Methods:INS-1 rat insulinoma cells were cultured in dexmedetomidine before being exposed to cobalt chloride (CoCl2)-induced hypoxia. Cell viability and the expression of autophagy-related proteins (light chain 3B [LC3B]-II, p62, and ATGs) were assessed. The expression of apoptosis-related proteins (BCL-2 and P-BAD) were also evaluated. CoCl2-treated INS-1 cells were pretreated with the autophagosome formation inhibitor, 3-methyladenine (3-MA), to compare its effects with those of dexmedetomidine. Bafilomycin-A1 (Baf-A1) that inhibits autophagosome degradation was used to confirm the changes in autophagosome formation induced by dexmedetomidine.
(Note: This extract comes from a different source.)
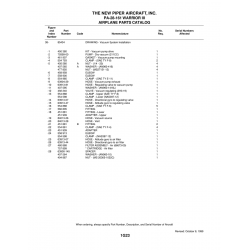 Aviation Part 84013-28 for Piper PA-28-161 Warrior Aircraft Aviation Part 84013-28 for Piper PA-28-161 Warrior Aircraft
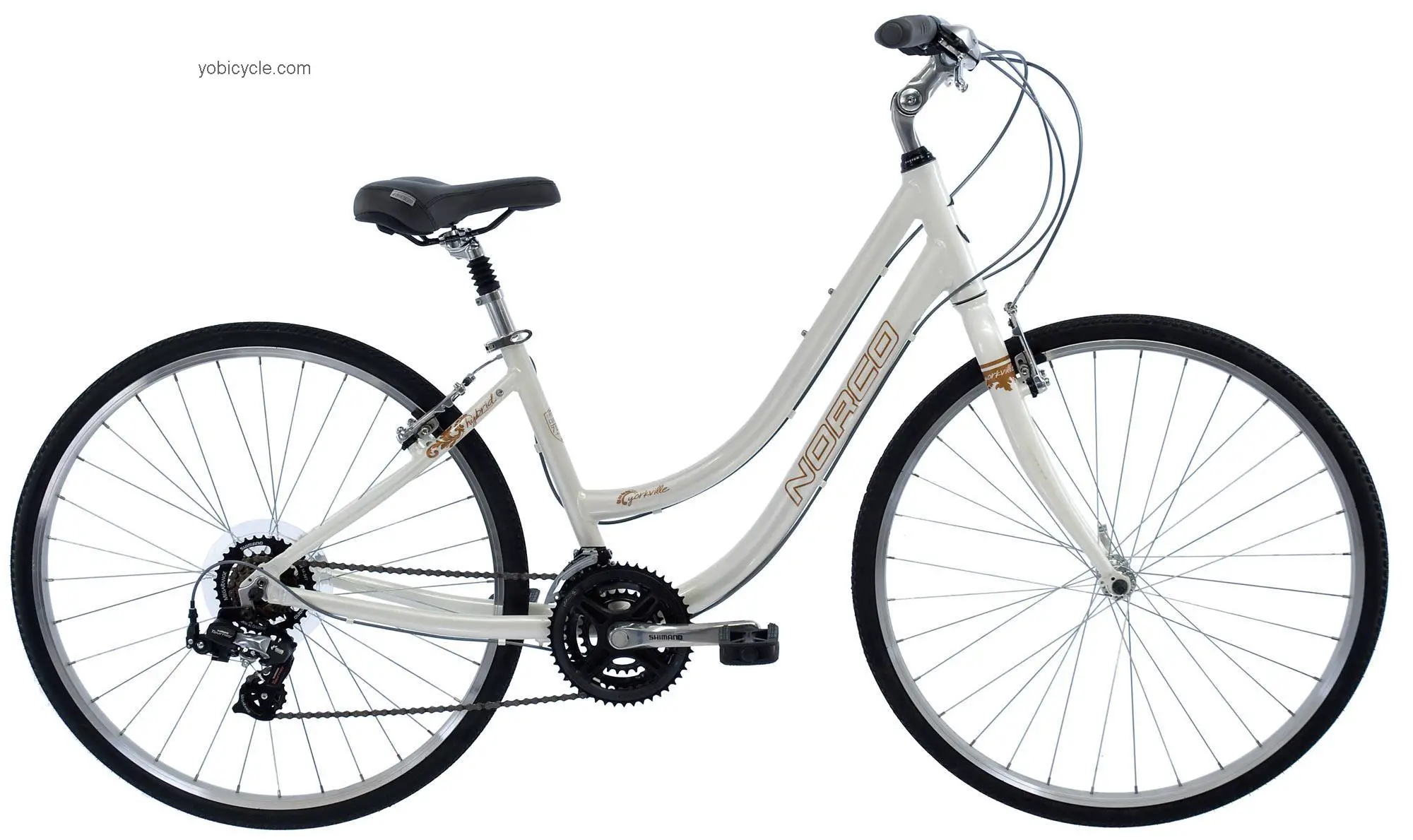 Norco  Yorkville Technical data and specifications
Results:Dexmedetomidine attenuated the increased expression of autophagic proteins (LC3B-II, p62, and ATGs) and reversed the CoCl2-induced reduction in the proliferation of INS-1 cells after hypoxia. Dexmedetomidine also alleviated the decreased expression of the anti-apoptotic protein (BCL-2) and the increased expression of apoptotic protein (BAX). Dexmedetomidine reduces the activation of autophagy through inhibiting autophagosome formation, as confirmed by a decrease in LC3B-II/I ratio, a marker of autophagosome formation, in LC3B turnover assay combined with Baf-A1.
Conclusions:Dexmedetomidine alleviates the degree of cellular damage in INS-1 cells against CoCl2-induced hypoxia by regulating autophagosome formation. These results provide a basis for further studies to confirm these effects in clinical practice.